Je dirais  "dans La Havane "


----------



## Gévy

Bonjour,

Plus que passer sous silence, "Pasar por alto" est dans cette phrase : ne pas tenir compte de quelque chose exprès, ignorer, ne pas faire cas de...
Je n'arrive pas à mettre la main sur l'expression que je cherche, désolée.

Bisous,

Gévy


----------



## Cintia&Martine

Buenas noches, bonne nuit,

- Faire fi de ?  / Passer outre ?

(C'est ça que tu cherches Gévy ?)
Au revoir, hasta luego


----------



## Gévy

Merci, Martine, ma sauveuse !!!

Bisous,

Gévy


----------



## Tina.Irun

Hola:
"Pasar por alto" puede significar "no decir algo o no tratar un tema" lo que explica las interpretaciones diferentes planteadas.

En este contexto, propongo también: "passer sur".


----------



## Almodovar

Sauvée, merci à vous ! Je me disais bien : quelque chose ne va pas, je bloque sur cette phrase. Pasar por alto : En fait je ne connaissais pas l'expression. to skip over, Passer sur, faire fi de etc. Merciiii! 
Bonne journée !


----------



## moi_mamimi

Bonsoir,

Je cherche à dire en français..."por mucho que nos fijemos a veces la cosas se nos pasan por alto".... est-ce que l'on garde la même strucure en français ?
Mes essais :
parfois, plus on regarde une chose, plus elle (se) passe sous silence
(Même si) On a beau à regarder un chose, (parfois) elle passe sous silence

Mil mercis et à bientôt


----------



## Almodovar

por mucho que nos fijemos a veces la cosas se nos pasan por alto

Je dirais pour ma part :

On a beau regarder, parfois on passe à côté des choses. 

Je ne pense pas que "passer sous silence" soit la bonne traduction.
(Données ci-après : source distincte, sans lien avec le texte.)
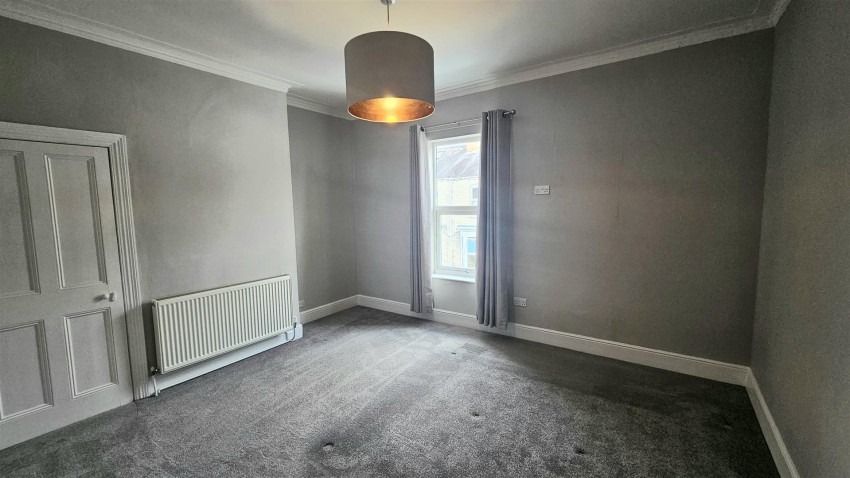 Images for Nunmill Street, York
Pasar por alto, c'est faire fi, ne pas faire cas.


----------



## jprr

moi_mamimi said:


> ..."por mucho que nos fijemos a veces la cosas *se nos* pasan por alto".... t


... plus *elles nous* échappent. / ... plus on passe à côté.


----------



## Almodovar

Oui c'est ça, j'aurais dit, plus librement et fluidement encore, exactement ainsi : plus elles nous échappent - meme si nous échappent est passif, alors que pasar por alto est volontaire, actif. : faire fi, ne pas faire cas.


----------



## MarioQ

Buenas, quisiera saber cómo podría decir correctamente en francés:
_
Varias veces se ha intentado llevar esta propuesta de ley a la Asamblea Nacional, pero ha sido pasado por alto debido a la situación (económica, política) del país._

Intenté hacer la primera parte, la segunda sí no tuve ni idea de cómo. Igual no sé qué tal...
_
Plusieurs fois on a essayé de porter ce projet de loi à l'Assemblée National...

_Gracias


----------



## Linguófilo

No soy nativo, pero:
_On a essayé plusieurs fois d’emporter ce projet de loi à l'Assemblée National, mais elle a été ignorée dû à la situation (économique, politique) du pays._


----------



## Leon_Izquierdo

Si lo ignorado es el proyecto, la forma femenina no conviene.


----------



## Linguófilo

Leon_Izquierdo said:


> Si lo ignorado es el proyecto, la forma femenina no conviene.


Tenés razón, disculpame. 

_On a essayé plusieurs fois d’emporter ce projet de loi à l'Assemblée National, mais il a été ignoré dû à la situation (économique, politique) du pays._


----------



## jprr

Linguófilo said:


> Tenés razón, disculpame.
> 
> _On a essayé plusieurs fois d’emporter ce projet de loi à l'Assemblée National, mais il a été ignoré dû à la situation (économique, politique) du pays._


Otra cosita: "emporter" es llevar consigo por ejemplo el texto del proyecto, pero el proyecto no - la forma que usó MarioQ es la correcta: porter le projet, o cette proposition de loi...
Y tratandose de una propuesta de ley que ha sido pasado por alto, la forma más habitual y cotidiana de decirlo es: ...a été* enterré[e]* compte tenu de.../ du fait de...


----------



## Linguófilo

jprr said:


> Otra cosita: "emporter" es llevar consigo por ejemplo el texto del proyecto, pero el proyecto no - la forma que usó MarioQ es la correcta: porter le projet, o cette proposition de loi...
> Y tratandose de una propuesta de ley que ha sido pasado por alto, la forma más habitual y cotidiana de decirlo es: ...a été* enterré[e]* compte tenu de.../ du fait de...


Hm, oui, je ne savais pas tout ça.  Merci.


----------



## janpol

> parfois, plus on regarde une chose, plus elle (se) passe sous silence



parfois, plus on regarde / observe / interroge une chose, plus elle se ferme /se refuse / nous fuit.


----------